O que significa isso? Fé é um código para aceitar que Jesus conhece toda a história de minha vida, cada segredo, cada momento de pecado, vergonha, desonestidade e degradação em meu passado. Agora mesmo Ele conhece minha fé superficial, minha vida de oração frágil, meu discipulado inconstante, aproxima-se de mim e fala: “Desafio você a confiar. Confiar que eu o amo exatamente como você é e não como deveria ser, porque você nunca será como deveria ser”.


Por que temos medo de Deus não nos amar como somos?

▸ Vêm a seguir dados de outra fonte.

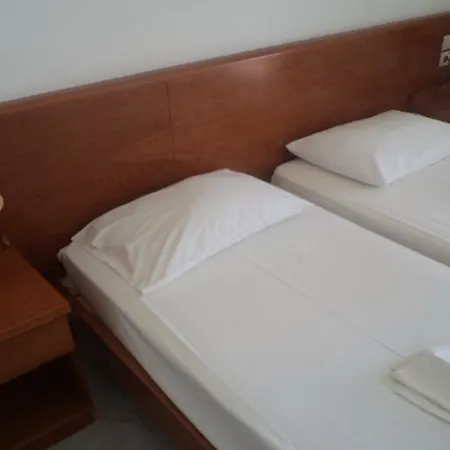 Kamari Bay Otel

Minha percepção é que pensamos que, se deixarmos Deus livre em nossa vida, ele irá pedir demais de nós. Será que ele vai me mandar ficar 10 anos em Calcutá, com as missionárias de Madre Teresa? Será que vai me fazer ter câncer? Ele pode me mandar deixar minha esposa e ir viver sozinho numa caverna, pensando só nele. Esses temores malucos não têm nada a ver com o Deus verdadeiro, que se delicia com seu povo.
Para mim, é mais importante amar do que ser amado. Quando a pessoa ainda não teve a experiência de ser amada por Deus, do jeito que é e não como deveria ser, então amar os outros se torna um dever, uma responsabilidade, uma tarefa. Mas, quando aceito ser amado como sou, com o amor de Deus derramado em meu coração pelo Espírito Santo, então posso alcançar os outros com menos esforço.


E a confiança que nasce desse amor, como você falou, é implacável.
Isso soa engraçado: confiança implacável. O dicionário define implacável como “sem piedade”. No contexto que estou usando, é sem autopiedade, que é a primeira reação normal inevitável. Creio ser perda de tempo tentar acabar com ela. Entretanto, chega o momento em que ela ameaça se tornar maligna. Pode nos atrair para a autodestruição e comportamentos como afastamento, isolamento, bebida, drogas e assim por diante. E depois apenas imploramos a graça de Deus para colocar um limite temporal em nossa autopiedade.
O poeta disse que a última ilusão de que devemos abrir mão é o desejo de nos sentirmos amados. Há um monge que viveu durante 30 anos na abadia Genesee. Um visitante lhe perguntou se ele se sentia mais próximo de Deus do que há 30 anos. A resposta gloriosa do monge foi: “Não, mas isso não tem mais importância”. Ele estava tão livre da necessidade de se sentir amado que podia aceitar, indiscriminadamente, consolo ou desolação, presença ou ausência de Deus, como sendo a mesma coisa. Graças a Deus que, com a instabilidade de meus sentimentos frágeis, a presença dele em mim não depende do que eu sinto. Se dependesse eu estaria com sérios problemas.